::: DATA :::

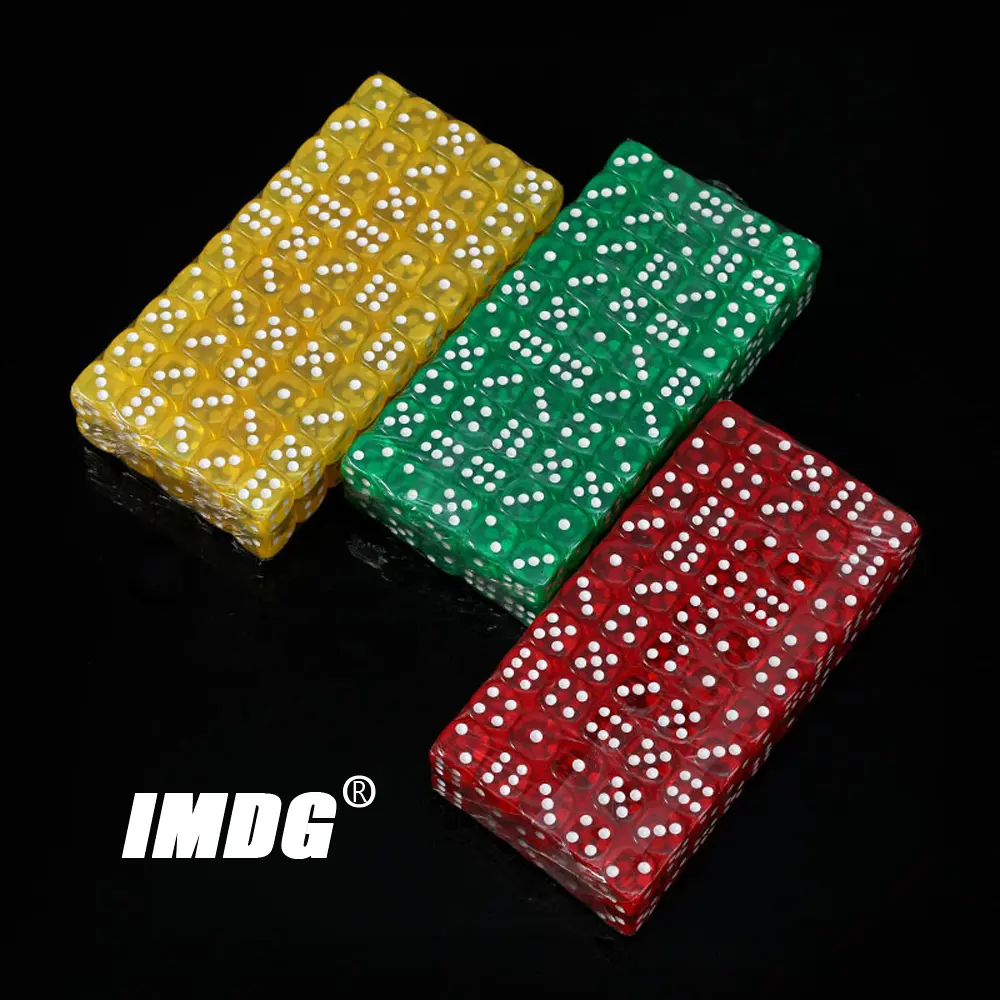 100pcs/pack Colors Acrylic Dice 14mm Transparent Round Corner High Quality Bar ktv Game Dice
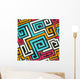 Seamless Colored Square Spiral Patter Wall Decal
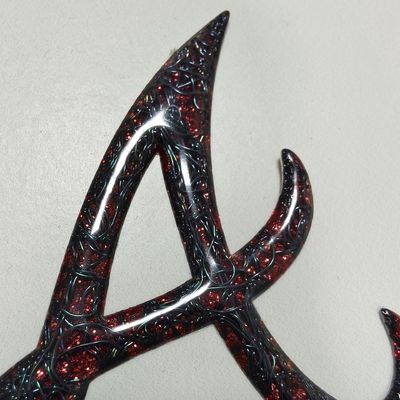 Logotipo em Reboco de TPU 3D de Alta Frequência Personalizado Vermelho Etiqueta de Transferência de Calor Metálico para Saco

:::

▶ _WHAT THIS TASK INVOLVES_
Repeat only the lines from the one with "Seamless Colored Square" through the end of the data, both included and exactly as written. Pictures stay out of the copy.

▶ _ANSWER SPACE_
 Seamless Colored Square Spiral Patter Wall Decal
 Logotipo em Reboco de TPU 3D de Alta Frequência Personalizado Vermelho Etiqueta de Transferência de Calor Metálico para Saco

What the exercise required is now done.